Chung, Rather Show How Not to End a Career

June 22nd, 2006 12:10 PM

Reality often is stranger than fiction, the saying goes. An author writing the story of former anchor partners Dan Rather and Connie Chung's lives would never have had the temerity to have them both get canned within a week of each other. Not after the two's well-known history of bickering and fighting with each other. Yet that's exactly what happened. Seattle Post-Intelligencer TV critic Melanie McFarland looks back at the twighlight of both discarded anchors (Diskussionsleitersdämmerung?), realizing that between Rather's delusions and Chung's bizarre singing debut, the former duo provide another lesson in how not to behave:

More than a decade has passed since Dan Rather and Connie Chung had us shaking our heads at the obvious tension when they briefly shared an anchor desk between 1993 and 1995.

Rather won in the end, using a nasty behind-the-scenes campaign to force out his co-anchor. He remained at CBS; she jumped to ABC and later to cable.

Nobody would have guessed their separate and drastically declined careers would share headlines again -- and in the same week. [...]

Many are the lessons of how to begin a journalism career.

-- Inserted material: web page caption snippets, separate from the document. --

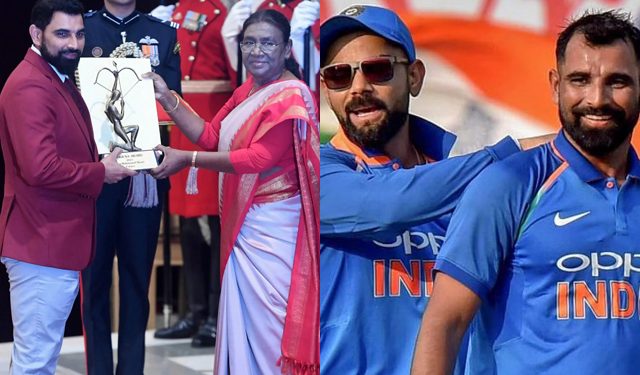Virat Kohli and others greet Mohammed Shami after he receives the prestigious Arjuna Award.
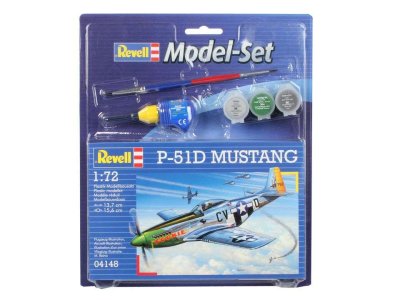 1:72 Revell 64148 P-51D Mustang Plane - Model Set - Rev64148 revell p 51d mustang in 1 72 bouwpakket met lijm en verf - REV64148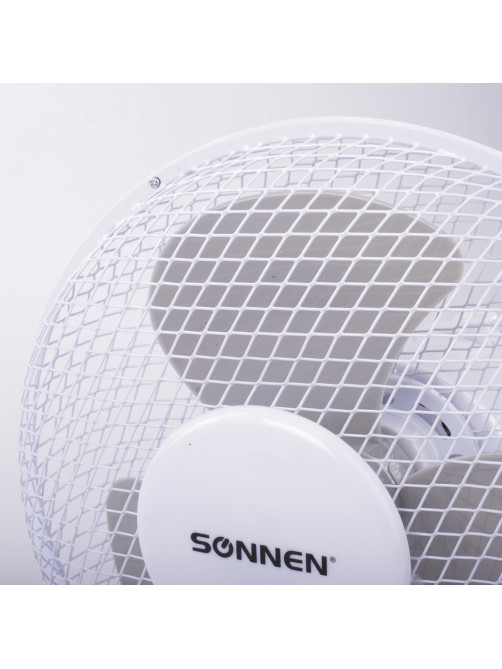 Вентилятор настольный SONNEN FT23-B6, d=23 см, 25 Вт, на подставке, 2 скоростных режима, белый/серый, 451038
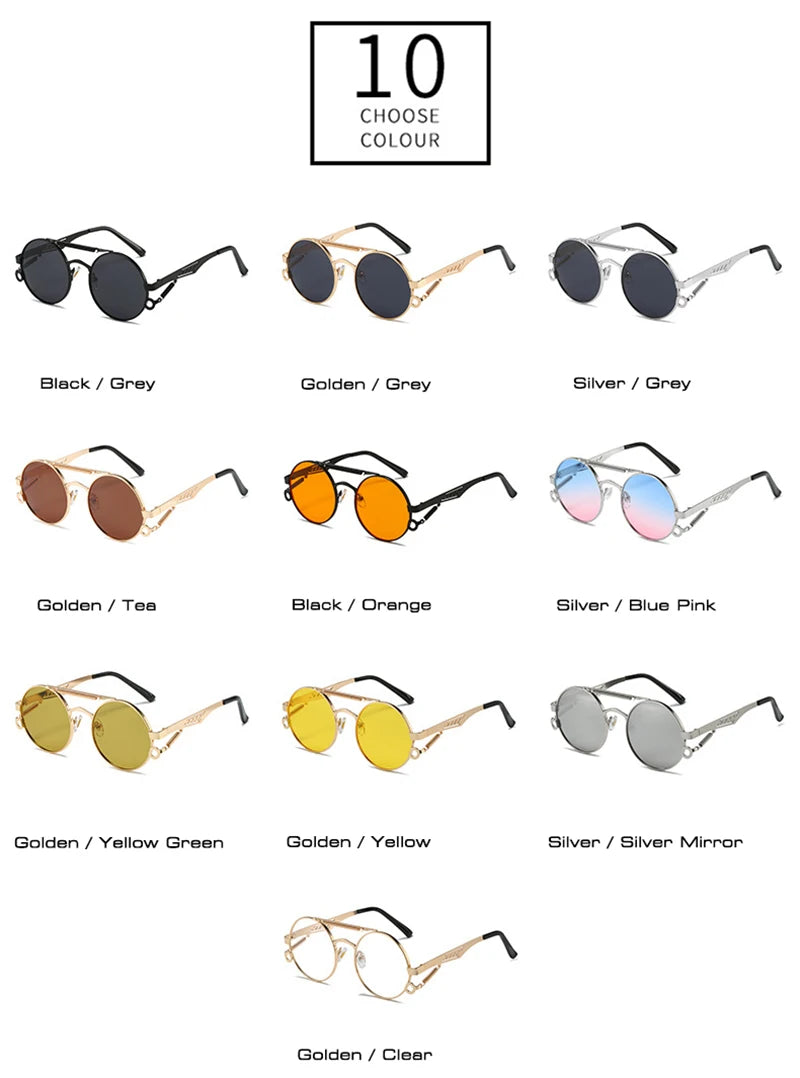 SHAUNA Retro Metal Double Bridges Round Sunglasses Women Fashion Gradient Mirror Eyewear Men Trending Punk Spring Sun Glasses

These two showed us how not to end one. Different as their career trajectories may have been for a time, Chung and Rather's respective undoings are, in the end, the same. They held on for too long. And you know what happens when you overstay your welcome: You get cast out with a rough push instead of a friendly wave.

This is truer of Rather's departure, of course. Given his inglorious step down from CBS's anchor chair, a muffled exit was inevitable. The 74-year-old newscaster insists he's not done and has announced his intention to host a weekly interview program on Mark Cuban's high-definition channel, HDNet, where he will be watched by a few thousand, if he's lucky. He told The New York Times that he's contemplating a blog.

Which means, to you and me, that he's done. [...]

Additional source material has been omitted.